Black n’ Red: The Value
Value Rating/(Price): 10/($7)
Overall Rating (1-10): 8
It’s all about the value with these. You can buy 3 of them for the price of one of the above notebooks. At $6.99 I didn’t expect much when I first ordered one of these, but the quality is surprising for the price. They’re solid notebooks.
The paper quality is noticeably lower than the above, but it still does the job. And it even comes with a red ribbon bookmark. Not bad for under $7.
Pocket notebooks are much smaller with extremely simple designs and construction, but they’re great for writing on the go.

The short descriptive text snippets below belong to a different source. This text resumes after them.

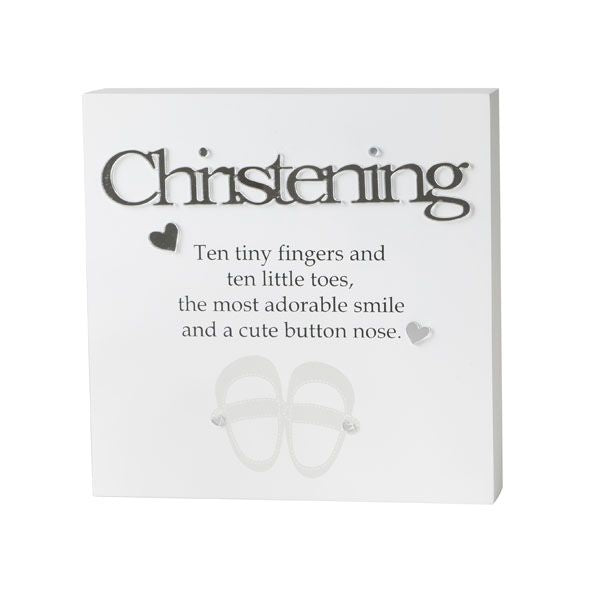 Christening Block - 20 x 20cm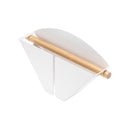 Magnetic Coffee Filter Case - Size 04 - Steel + Wood by Yamazaki Home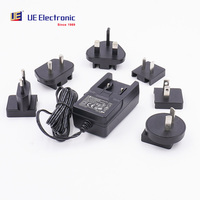 Adaptateur médical à découpage AC/DC 5W 6W 12W 18W IEC60601-1 EN60601-1 6V 8V 9V 12V 0.4A 0.75A Alimentation avec prise interchangeable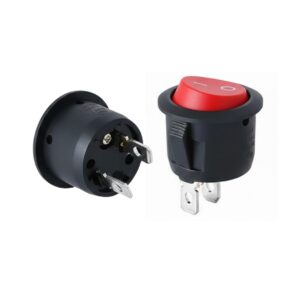 Round Rocker Switch 2 Pin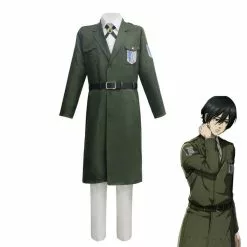 Cosplay Clans Anime Attack On Titan 4 Season Mikasa Ackerman Survey Corps Uniform Set Cosplay Costume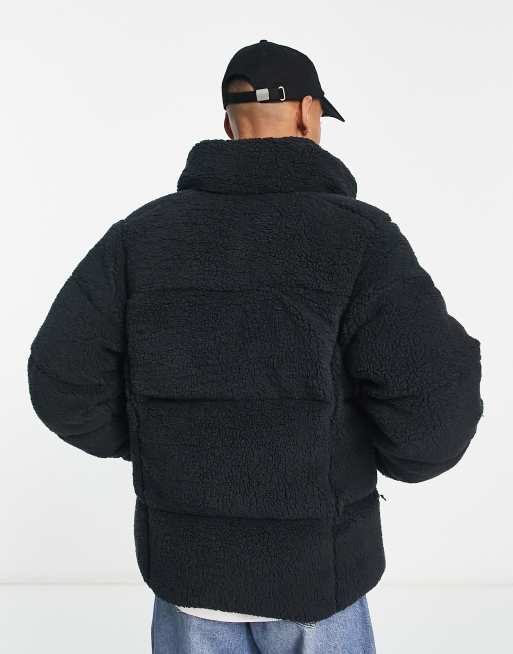 Columbia Puffect sherpa unisex puffer jacket in black Exclusive at ASOS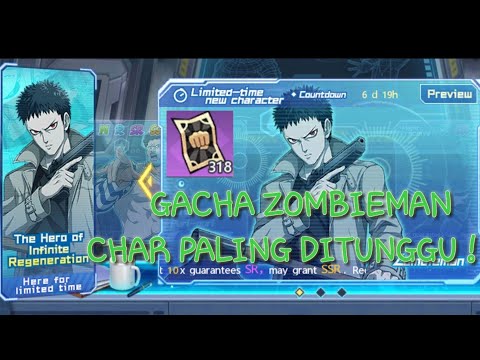 GACHA ZOMBIEMAN 180 TICKET LUDES!!! - ONE PUNCH MAN THE STRONGEST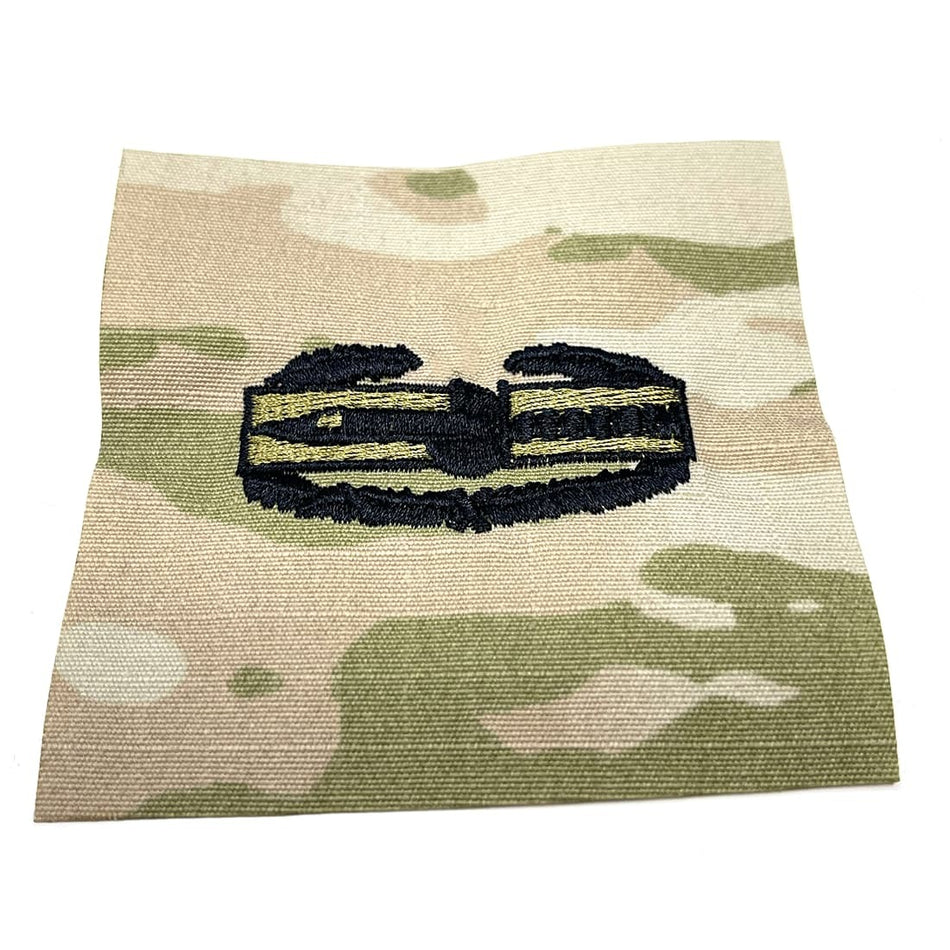 Combat Action Badge Army CAB 1st Award Sew-On OCP Patch on a white background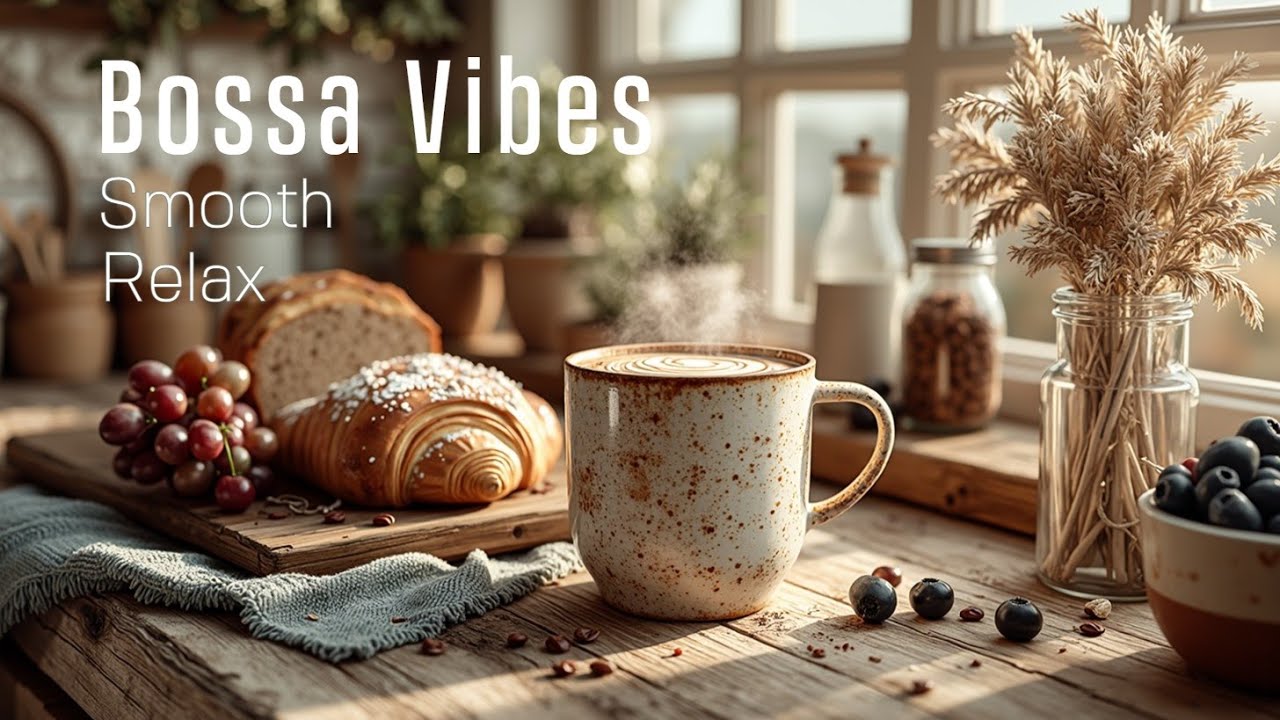 Спокойная Босса Нова 🎶 Фоновая музыка кафе для расслабляющей работы и учебы
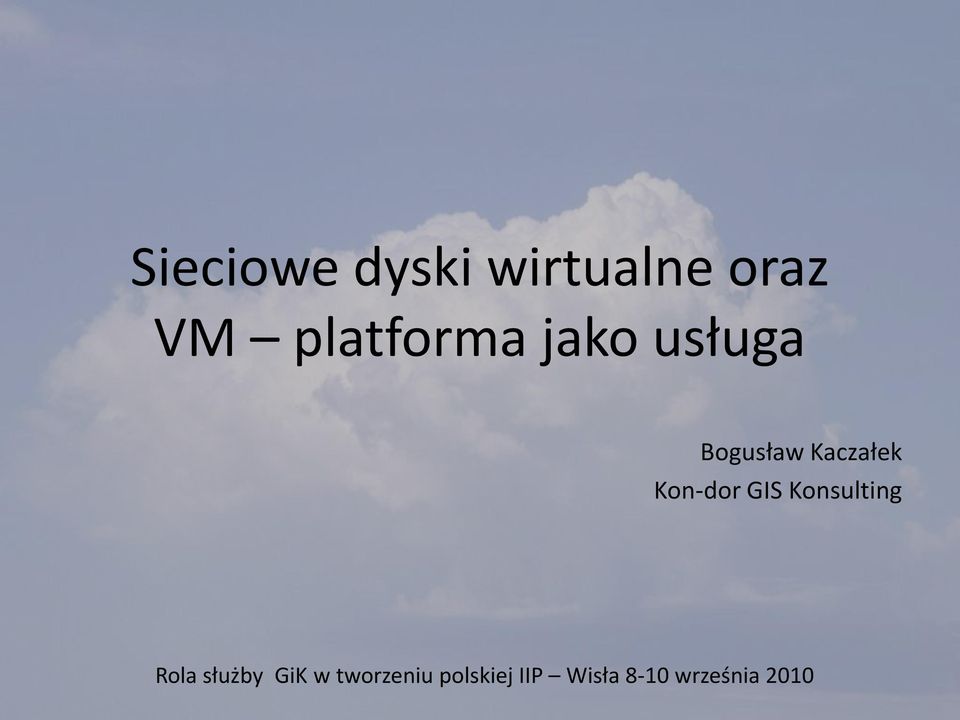 Kon-dor GIS Konsulting Rola służby GiK w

You can just slip them in your pocket and jot down ideas where ever you are. On the subway or a stop at the park, it’s nice to have a small notebook always with you. They can’t replace a normal sized, quality notebook, but they’re worth having a few. To be honest, these mini notebooks are all basically the same construction and quality, but here’s a few that I’d recommend (they all come in packs of 3 too).
Price: $9(for 3)
Price: $10(for 3)
Price: $9(for 3)
Hybrid Pocket Notebook Option
Moleskine also makes a sort of hybrid between the regular sized notebooks and the above minis. At 3.5 x 5.5 inches, it can fit in your pocket too, but the construction is the same as the larger sized version. You get the band closure and ribbon bookmark too.
BLANK, RULED, or DOT GRID?
Most of these notebooks are offered in different versions when it comes to the pages. You have blank, ruled, and dot grids.

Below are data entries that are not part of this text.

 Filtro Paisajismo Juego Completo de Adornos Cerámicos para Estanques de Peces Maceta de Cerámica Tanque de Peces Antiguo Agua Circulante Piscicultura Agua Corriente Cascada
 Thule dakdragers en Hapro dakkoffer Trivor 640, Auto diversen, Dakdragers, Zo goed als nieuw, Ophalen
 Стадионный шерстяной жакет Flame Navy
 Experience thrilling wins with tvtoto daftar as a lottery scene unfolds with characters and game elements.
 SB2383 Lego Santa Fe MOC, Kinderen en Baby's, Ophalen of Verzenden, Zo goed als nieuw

I have all 3 versions because I find them all useful for different things. Blank is great for writing down quick ideas and you can draw pictures to go along with them too. I use ruled when I want to really sit down and write because it’s more organized for that. And then I find the dot grids fun for versatility. You can write sideways or add diagrams, the lines are smaller to fit in more, and they’re great for lists too.

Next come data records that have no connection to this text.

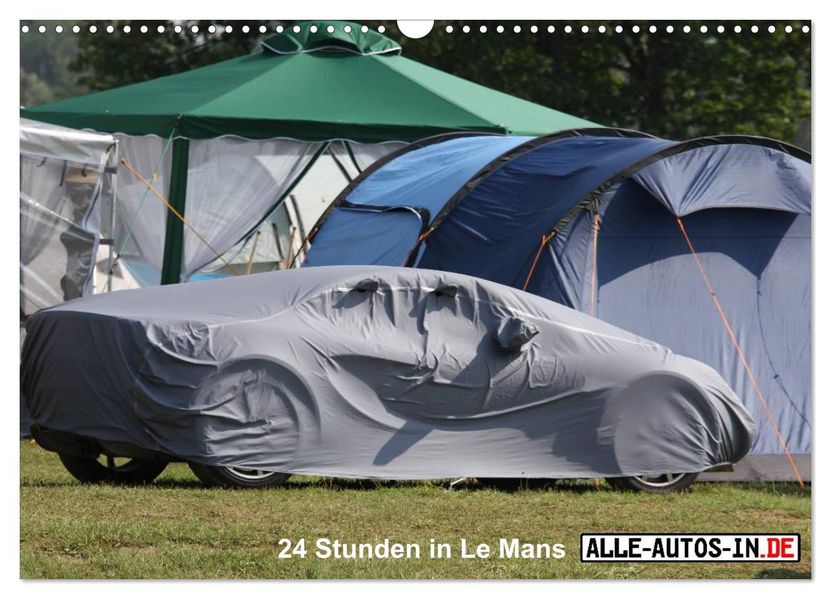24 Stunden in Le Mans (Wandkalender 2027 DIN A3 quer) CALVENDO Monatskalender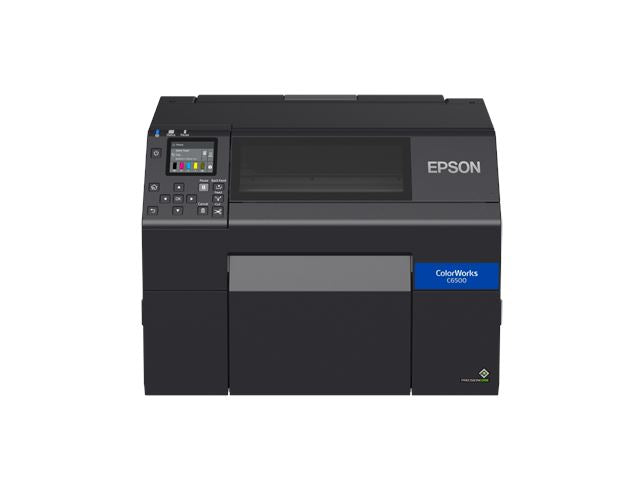 Epson ColorWorks CW C6550A Inkjet Color Label Printer with Auto Cutter - High-Speed Printing for Shipping Labels, Barcodes & Product Packaging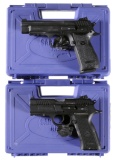 Two Sar Arms Semi-Automatic Pistols w/ Cases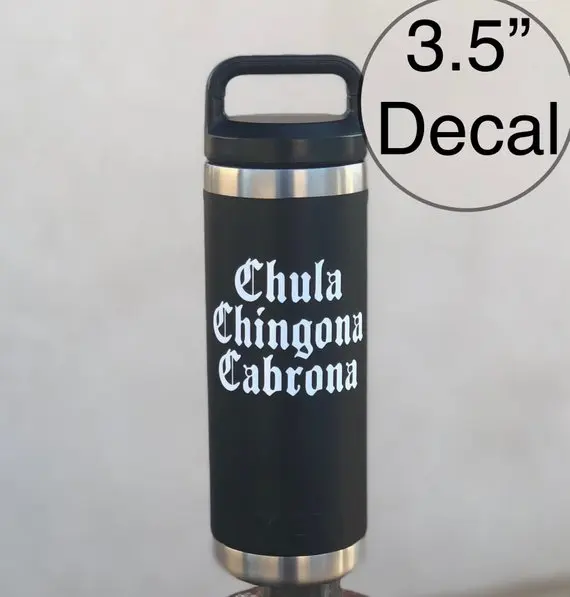 Наклейка на стакан Chula Chingona Cabrona наклейка Yeti старинная английский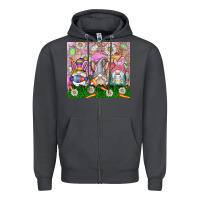 Smoke easter gnome Zipper Hoodie - CowhideDigitalArt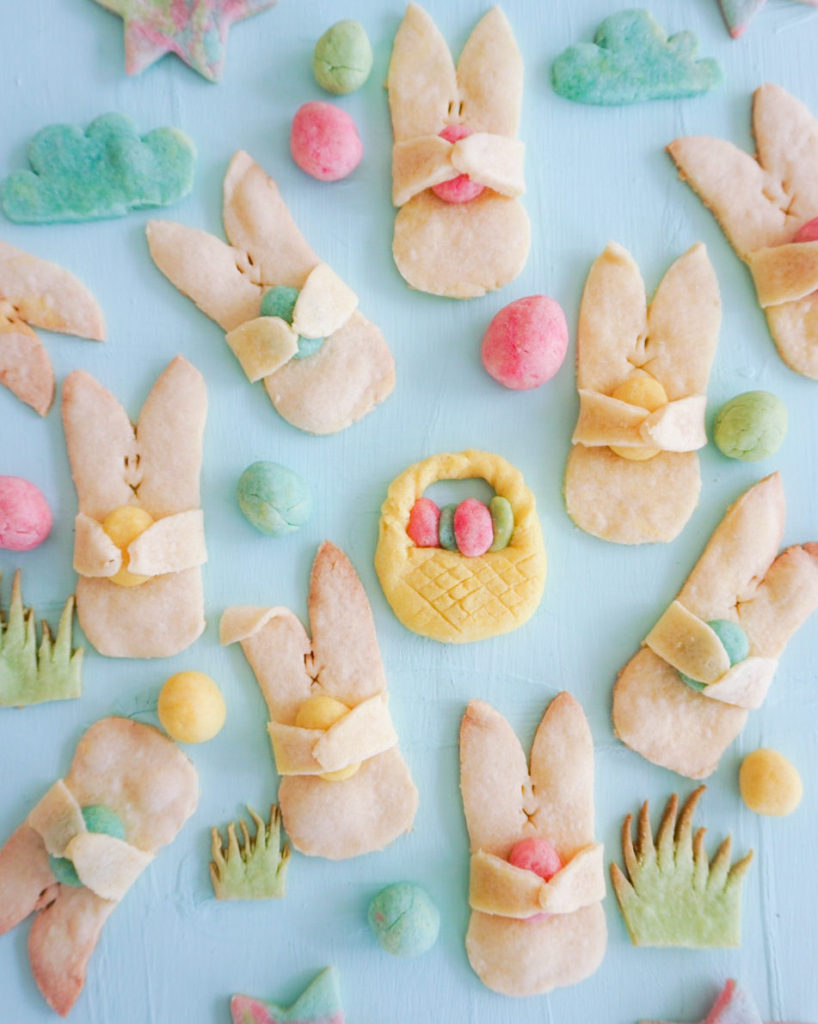 lots of bunny cookies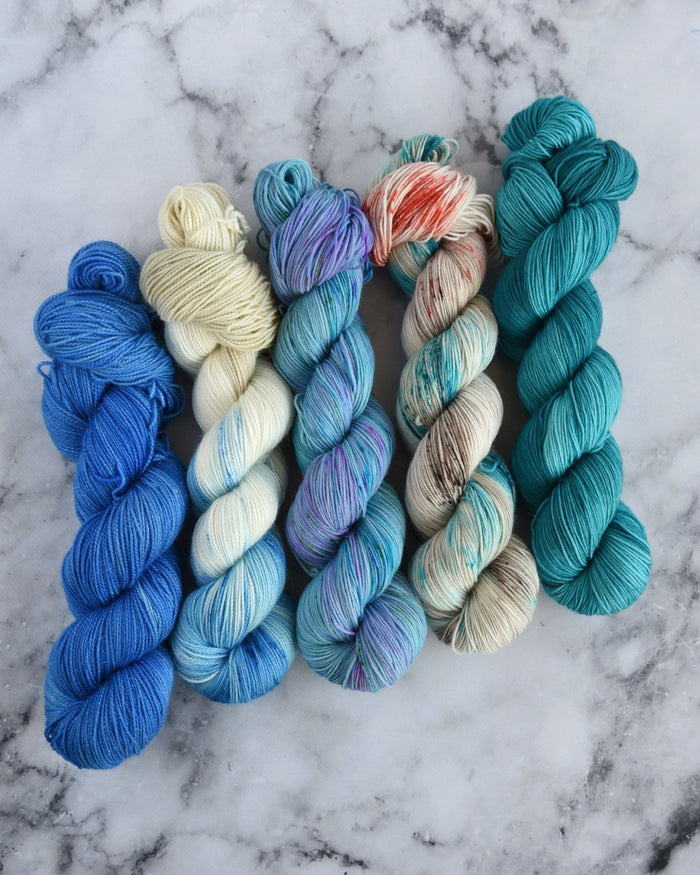 Destination Yarn Knitting Kit Beach Collection Full Skein Set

It’s all up to your personal preference, but I’d recommend trying them all out to see what you like.
Overall Notebook Winner: Leuchtturm 1917
This is a close one because I like and use all the notebooks I included here, but the Leuchtturm 1917 gets the edge because it has everything. There’s really nothing negative I can say about it. It has the quality and classic look of Moleskine, but with more to offer inside. The numbered pages and extras included make it the best choice, in my opinion.
The story behind Baron Fig, their amazing service and the simple beauty of their notebooks is hard to knock too. With Moleskine, you get the classic that was designed after the notebooks Vincent van Gogh, Pablo Picasso, and Ernest Hemingway used. And for a budget choice, under $7 can get you a pretty decent notebook with the Black n’ Red. So you really can’t go wrong with any of them, but if I had to choose just one, it would be the Leuchtturm 1917.